En ocasiones uno se sorprende ante los juicios que pueden establecerse sobre ciertas personas atendiendo más a la impetuosidad de sus palabras que a las acciones que realizan.
Y es así. Con el calor de ciertas situaciones uno dice cosas que surgen de manera visceral y se transmiten por su boca; cosas que pueden obedecer a multitud de motivos y razones, no digo lo contrario, pero cosas que es necesrio confrontar con la realidad, y la realidad se manifiesta en obras.
Una persona, por ejemplo, siempre ofrece una invitación para sus amigos, pero el hecho es que nunca la ejerce; sin embargo, lo que queda en el recuerdo de muchos es lo bondadosa que es esta persona por sus constantes invitaciones (que la gran mayoría olvida que nunca se efectuaron).
Por el contrario, existen las personas aparentemente malencaradas que dejan claro que no van a realizar ningún favor a nadie, pero que, a la hora de la verdad, son capaces de muy grandes acciones. ¿Y cómo son juzgadas por la mayoría? Como personas sin corazón que nunca hacen nada; confundiendo una vez más lo que se dice con lo que se hace.
Jesús lo explicó a las mil maravillas con esta parábola:
La parábola de los dos hijos
Mt, 21, 28-31
¿Qué os parece?
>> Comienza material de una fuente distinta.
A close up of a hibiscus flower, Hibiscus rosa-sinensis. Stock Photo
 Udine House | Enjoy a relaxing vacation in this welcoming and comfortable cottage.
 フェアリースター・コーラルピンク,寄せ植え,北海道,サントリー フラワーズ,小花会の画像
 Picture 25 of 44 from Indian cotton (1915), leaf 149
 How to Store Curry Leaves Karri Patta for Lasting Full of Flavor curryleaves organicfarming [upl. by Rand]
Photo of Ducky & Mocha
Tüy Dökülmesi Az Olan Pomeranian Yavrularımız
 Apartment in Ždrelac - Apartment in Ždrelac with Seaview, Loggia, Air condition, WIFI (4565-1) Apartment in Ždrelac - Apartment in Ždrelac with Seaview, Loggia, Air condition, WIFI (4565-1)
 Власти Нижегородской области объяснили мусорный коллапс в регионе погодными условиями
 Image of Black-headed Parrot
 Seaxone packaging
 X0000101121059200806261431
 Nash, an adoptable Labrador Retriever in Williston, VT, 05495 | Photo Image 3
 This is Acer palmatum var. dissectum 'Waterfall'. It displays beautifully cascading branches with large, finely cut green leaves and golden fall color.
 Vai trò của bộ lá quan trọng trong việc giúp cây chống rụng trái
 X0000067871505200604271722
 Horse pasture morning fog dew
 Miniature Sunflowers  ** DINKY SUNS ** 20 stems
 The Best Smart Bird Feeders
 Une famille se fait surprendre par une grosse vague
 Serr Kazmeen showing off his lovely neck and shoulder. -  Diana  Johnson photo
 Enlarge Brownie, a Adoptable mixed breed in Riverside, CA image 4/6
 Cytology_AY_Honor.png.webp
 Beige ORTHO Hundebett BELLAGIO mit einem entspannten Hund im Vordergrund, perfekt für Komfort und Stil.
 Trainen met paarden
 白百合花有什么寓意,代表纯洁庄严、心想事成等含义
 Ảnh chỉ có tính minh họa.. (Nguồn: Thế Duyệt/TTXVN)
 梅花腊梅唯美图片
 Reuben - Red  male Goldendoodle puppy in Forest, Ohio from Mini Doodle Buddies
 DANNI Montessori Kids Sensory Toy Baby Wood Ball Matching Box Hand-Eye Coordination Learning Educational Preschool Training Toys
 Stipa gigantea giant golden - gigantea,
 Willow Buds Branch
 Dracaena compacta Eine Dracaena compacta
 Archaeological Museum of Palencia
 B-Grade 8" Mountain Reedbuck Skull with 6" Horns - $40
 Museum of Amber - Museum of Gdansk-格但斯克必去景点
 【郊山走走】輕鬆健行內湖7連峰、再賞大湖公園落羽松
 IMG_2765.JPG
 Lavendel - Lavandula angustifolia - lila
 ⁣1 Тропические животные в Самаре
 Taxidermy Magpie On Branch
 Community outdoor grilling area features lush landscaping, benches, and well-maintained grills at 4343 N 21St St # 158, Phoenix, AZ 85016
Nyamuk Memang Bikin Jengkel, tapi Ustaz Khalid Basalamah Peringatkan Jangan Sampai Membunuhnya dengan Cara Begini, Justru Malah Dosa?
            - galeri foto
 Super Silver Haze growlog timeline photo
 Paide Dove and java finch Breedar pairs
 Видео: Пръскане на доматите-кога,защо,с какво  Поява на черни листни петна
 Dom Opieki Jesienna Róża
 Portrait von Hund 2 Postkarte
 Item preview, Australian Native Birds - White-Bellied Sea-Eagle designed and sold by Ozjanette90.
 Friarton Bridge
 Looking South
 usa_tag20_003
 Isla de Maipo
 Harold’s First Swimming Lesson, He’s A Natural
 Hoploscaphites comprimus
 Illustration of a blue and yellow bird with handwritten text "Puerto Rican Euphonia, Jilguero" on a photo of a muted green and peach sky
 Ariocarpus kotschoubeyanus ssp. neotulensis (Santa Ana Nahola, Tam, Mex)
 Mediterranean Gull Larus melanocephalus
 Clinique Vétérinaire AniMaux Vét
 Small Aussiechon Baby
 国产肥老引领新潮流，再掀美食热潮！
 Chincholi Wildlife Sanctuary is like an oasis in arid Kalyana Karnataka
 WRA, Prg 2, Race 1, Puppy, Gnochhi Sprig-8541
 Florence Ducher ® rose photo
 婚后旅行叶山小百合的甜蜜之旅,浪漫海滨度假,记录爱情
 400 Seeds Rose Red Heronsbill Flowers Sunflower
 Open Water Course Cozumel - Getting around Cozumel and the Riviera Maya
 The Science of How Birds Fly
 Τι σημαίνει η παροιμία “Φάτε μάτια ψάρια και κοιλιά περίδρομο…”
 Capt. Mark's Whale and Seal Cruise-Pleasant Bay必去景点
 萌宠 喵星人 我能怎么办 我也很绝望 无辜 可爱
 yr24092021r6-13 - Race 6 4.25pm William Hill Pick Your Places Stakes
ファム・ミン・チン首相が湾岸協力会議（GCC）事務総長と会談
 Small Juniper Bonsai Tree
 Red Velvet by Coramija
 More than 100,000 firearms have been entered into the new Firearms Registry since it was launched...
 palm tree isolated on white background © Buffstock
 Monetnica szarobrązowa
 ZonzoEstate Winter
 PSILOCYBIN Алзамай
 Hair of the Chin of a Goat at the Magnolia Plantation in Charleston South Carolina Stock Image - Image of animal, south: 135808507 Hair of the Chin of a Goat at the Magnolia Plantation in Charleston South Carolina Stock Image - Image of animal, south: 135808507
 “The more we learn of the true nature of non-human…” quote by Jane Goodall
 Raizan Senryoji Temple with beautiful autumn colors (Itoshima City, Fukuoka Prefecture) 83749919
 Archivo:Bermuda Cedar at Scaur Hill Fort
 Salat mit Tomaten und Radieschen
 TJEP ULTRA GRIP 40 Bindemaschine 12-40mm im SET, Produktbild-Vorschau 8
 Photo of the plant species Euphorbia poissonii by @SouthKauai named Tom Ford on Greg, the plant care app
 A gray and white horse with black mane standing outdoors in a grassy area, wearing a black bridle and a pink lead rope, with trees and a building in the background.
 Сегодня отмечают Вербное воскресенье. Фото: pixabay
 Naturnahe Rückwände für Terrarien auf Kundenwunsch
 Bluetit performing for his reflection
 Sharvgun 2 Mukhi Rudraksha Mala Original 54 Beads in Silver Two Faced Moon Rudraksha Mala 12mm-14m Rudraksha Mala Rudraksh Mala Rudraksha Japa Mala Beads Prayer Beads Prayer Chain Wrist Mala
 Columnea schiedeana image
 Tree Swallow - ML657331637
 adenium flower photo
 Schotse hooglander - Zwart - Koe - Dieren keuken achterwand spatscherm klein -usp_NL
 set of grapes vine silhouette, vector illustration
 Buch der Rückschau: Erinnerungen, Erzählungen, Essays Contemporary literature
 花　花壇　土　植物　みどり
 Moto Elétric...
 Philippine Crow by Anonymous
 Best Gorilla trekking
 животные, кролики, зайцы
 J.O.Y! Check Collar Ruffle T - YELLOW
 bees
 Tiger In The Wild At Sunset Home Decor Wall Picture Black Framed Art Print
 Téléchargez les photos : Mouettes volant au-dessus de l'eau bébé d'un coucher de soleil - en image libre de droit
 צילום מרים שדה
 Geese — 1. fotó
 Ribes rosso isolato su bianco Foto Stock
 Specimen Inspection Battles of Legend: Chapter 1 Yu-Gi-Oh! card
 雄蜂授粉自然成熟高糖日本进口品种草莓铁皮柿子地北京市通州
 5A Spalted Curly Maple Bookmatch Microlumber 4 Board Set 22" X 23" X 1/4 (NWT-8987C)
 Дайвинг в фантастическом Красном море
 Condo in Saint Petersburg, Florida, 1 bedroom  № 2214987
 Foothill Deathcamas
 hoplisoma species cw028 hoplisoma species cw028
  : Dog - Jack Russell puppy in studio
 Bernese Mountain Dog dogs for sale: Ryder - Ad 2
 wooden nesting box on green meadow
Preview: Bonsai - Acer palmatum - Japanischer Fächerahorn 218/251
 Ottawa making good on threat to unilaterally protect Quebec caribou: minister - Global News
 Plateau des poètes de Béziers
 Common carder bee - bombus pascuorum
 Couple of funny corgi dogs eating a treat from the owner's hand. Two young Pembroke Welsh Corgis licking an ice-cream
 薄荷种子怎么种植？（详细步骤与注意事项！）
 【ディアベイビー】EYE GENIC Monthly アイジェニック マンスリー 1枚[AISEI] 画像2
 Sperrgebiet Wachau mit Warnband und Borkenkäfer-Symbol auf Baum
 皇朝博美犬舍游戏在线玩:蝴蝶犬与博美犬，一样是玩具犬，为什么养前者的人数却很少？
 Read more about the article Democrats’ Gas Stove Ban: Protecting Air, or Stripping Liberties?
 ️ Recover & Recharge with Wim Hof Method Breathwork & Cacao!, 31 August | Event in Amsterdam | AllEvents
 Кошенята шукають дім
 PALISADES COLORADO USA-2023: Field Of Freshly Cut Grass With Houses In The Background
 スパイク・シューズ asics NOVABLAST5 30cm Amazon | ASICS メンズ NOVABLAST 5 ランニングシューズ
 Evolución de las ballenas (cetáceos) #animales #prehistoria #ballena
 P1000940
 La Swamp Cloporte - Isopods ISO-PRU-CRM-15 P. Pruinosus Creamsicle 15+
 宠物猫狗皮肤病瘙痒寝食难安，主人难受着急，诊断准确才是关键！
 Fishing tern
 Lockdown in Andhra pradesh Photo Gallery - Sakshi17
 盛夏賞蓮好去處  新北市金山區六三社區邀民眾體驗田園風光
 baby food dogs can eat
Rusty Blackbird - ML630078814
Un hombre tenía dos hijos y, dirigiéndose al primero, le dijo: "Hijo, quiero que hoy vayas a trabajar a mi viña".
Él respondió: "No quiero". Pero después se arrepintió y fue.
Dirigiéndose al segundo, le dijo lo mismo y éste le respondió: "Voy, Señor", pero no fue.
¿Cuál de los dos cumplió la voluntad de su padre?